[Prompt] Repeat the data word for word and skip the pictures.
━━━ Information supplied
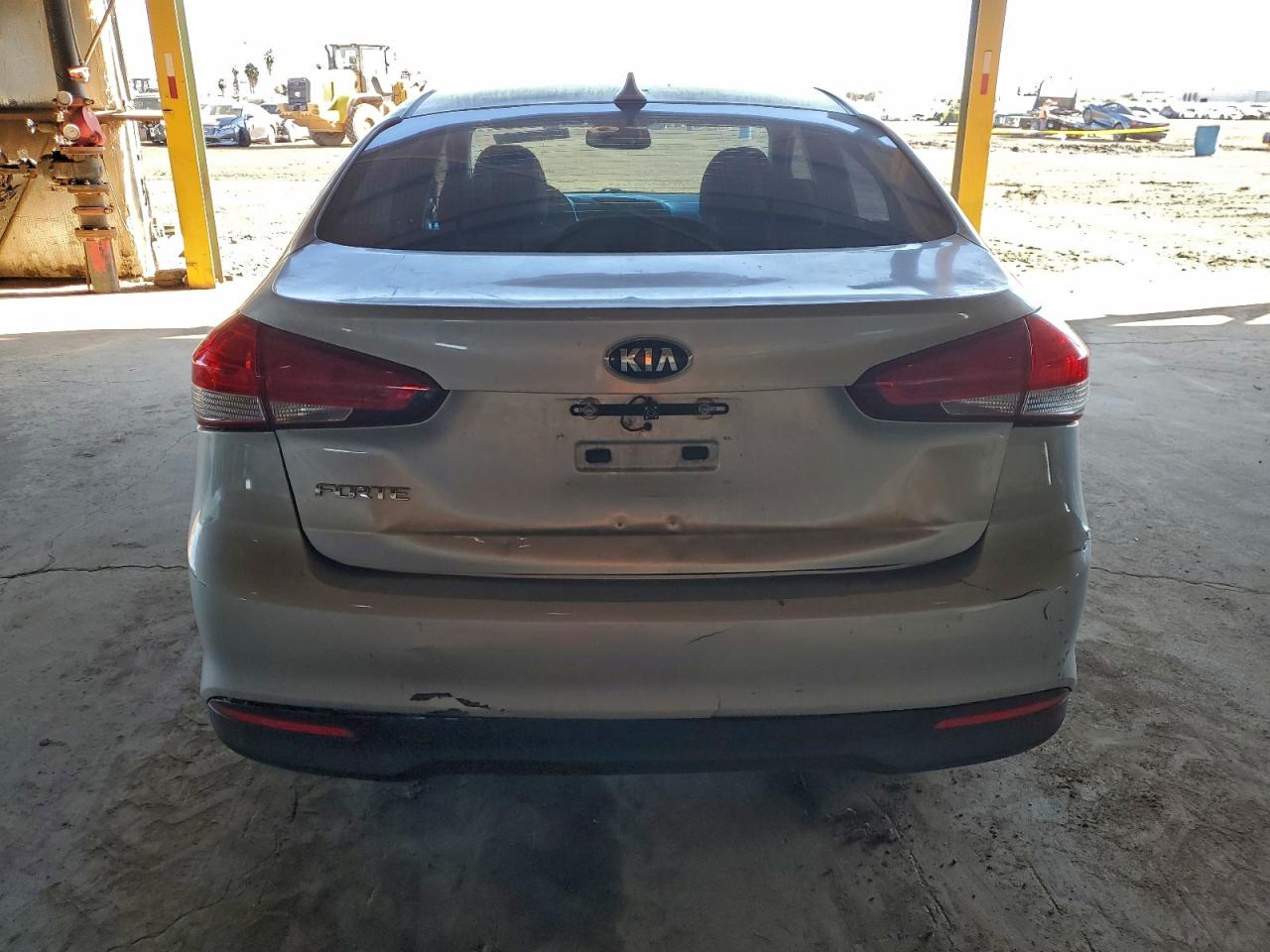 2017 KIA FORTE LX photo 11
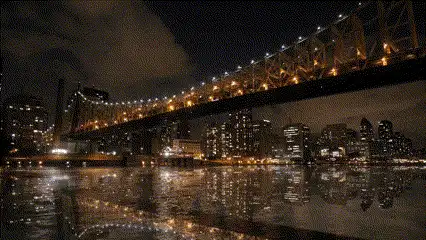 Un GIF (imagen en movimiento) del título de los créditos.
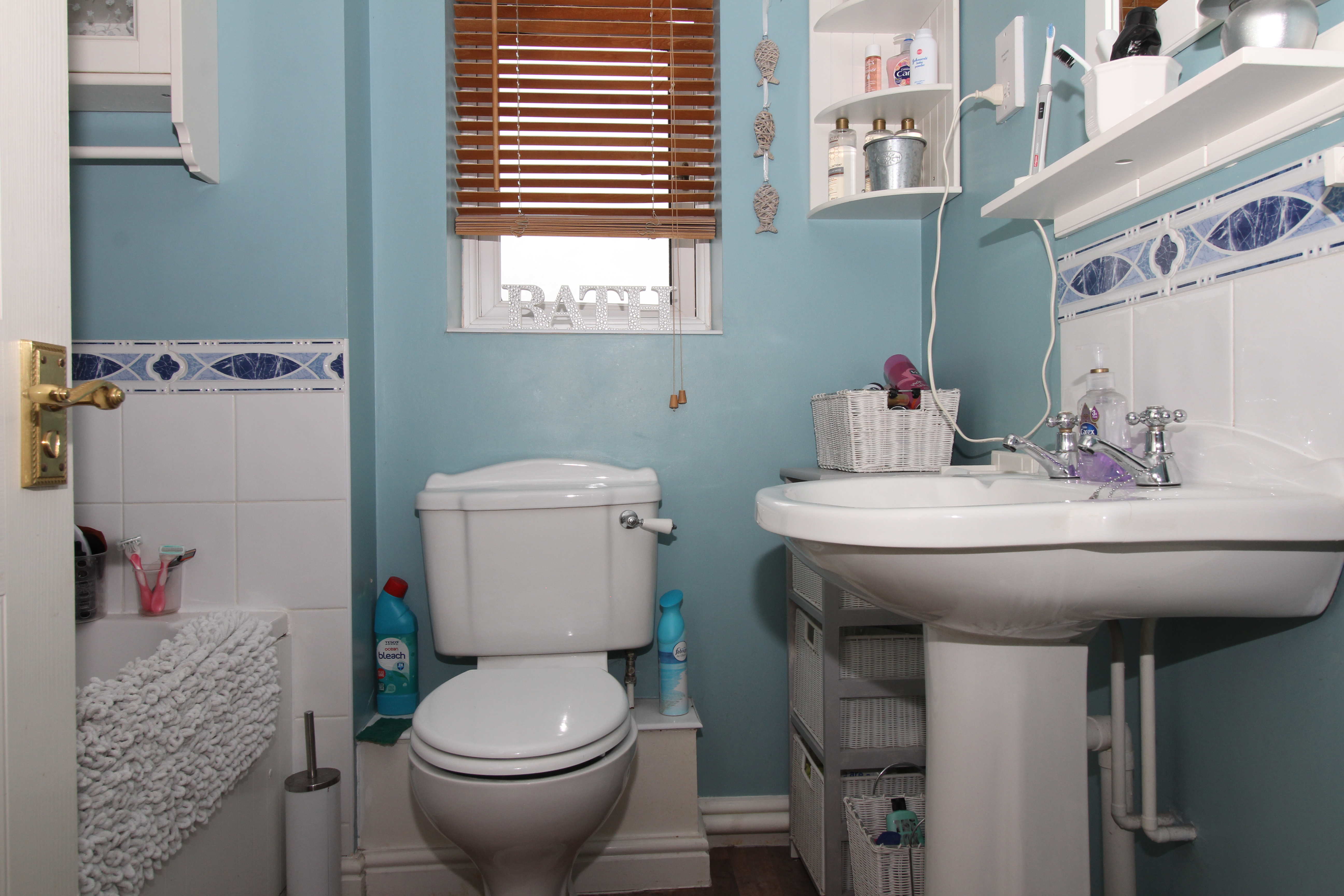 Maes Y Wennol, Pontyclun, CF72 8SB  Interior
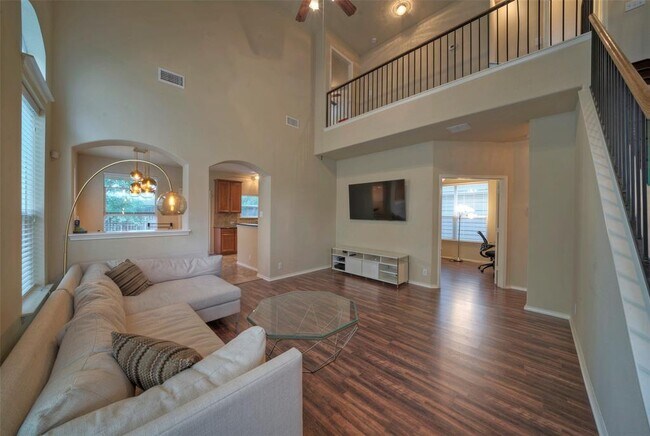 Building Photo - 8809 White Ibis Dr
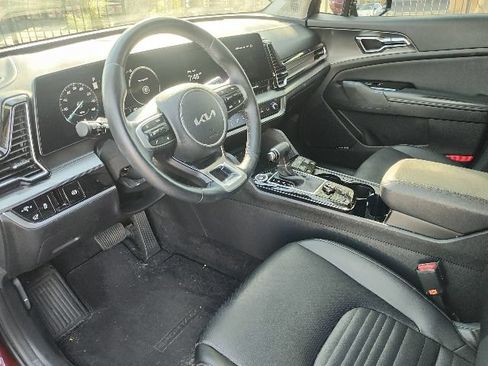 Certified 2024 Kia Sportage SX FWD image 18
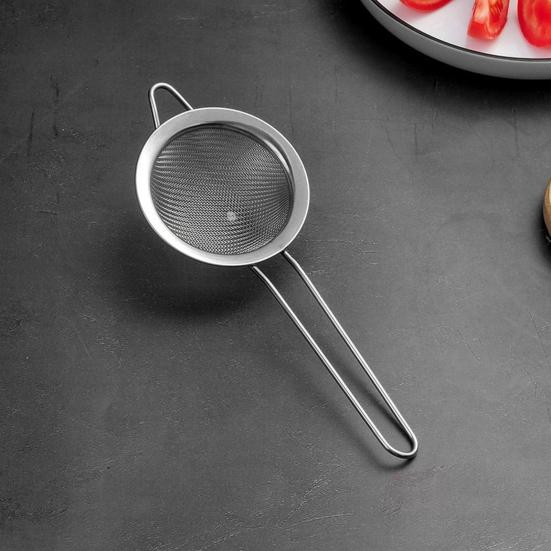 Stainless Steel Fine Mesh Strainers with Handle for Kitchen Flour Sieve Food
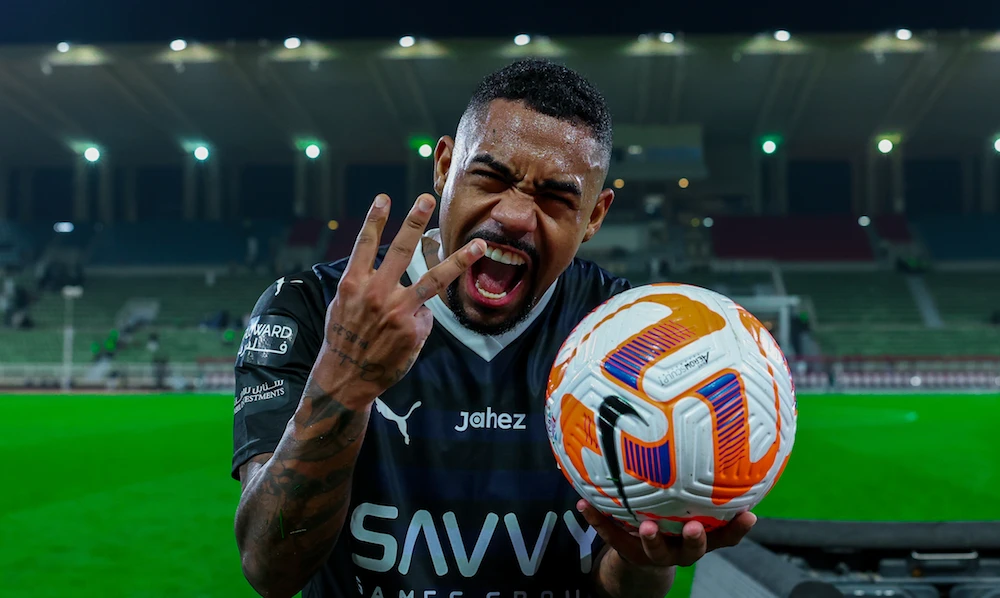 Al-Hilal sent a message to the rest of Saudi Arabia with the biggest-ever win in the Roshn Saudi League, a 9-0 thrashing of Al-Hazm. (X/@AlHilalFC)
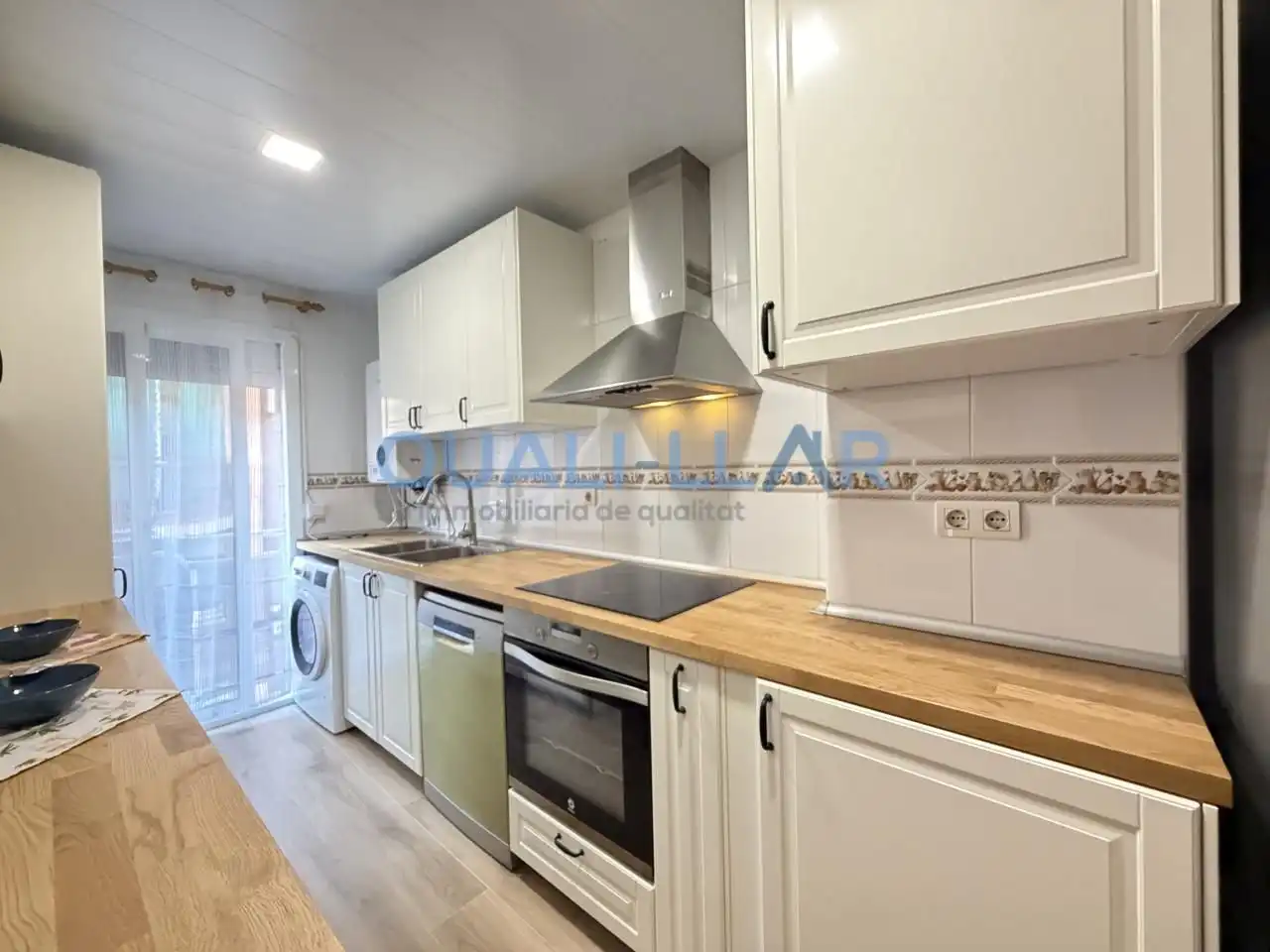 Cocina de Piso en venta en Cornellà de Llobregat con Aire acondicionado, Calefacción y Parquet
━━━━━━
[Result]
 2017 KIA FORTE LX photo 11
 Un GIF (imagen en movimiento) del título de los créditos.
 Maes Y Wennol, Pontyclun, CF72 8SB  Interior
 Building Photo - 8809 White Ibis Dr
 Certified 2024 Kia Sportage SX FWD image 18
 Stainless Steel Fine Mesh Strainers with Handle for Kitchen Flour Sieve Food
 Al-Hilal sent a message to the rest of Saudi Arabia with the biggest-ever win in the Roshn Saudi League, a 9-0 thrashing of Al-Hazm. (X/@AlHilalFC)
 Cocina de Piso en venta en Cornellà de Llobregat con Aire acondicionado, Calefacción y Parquet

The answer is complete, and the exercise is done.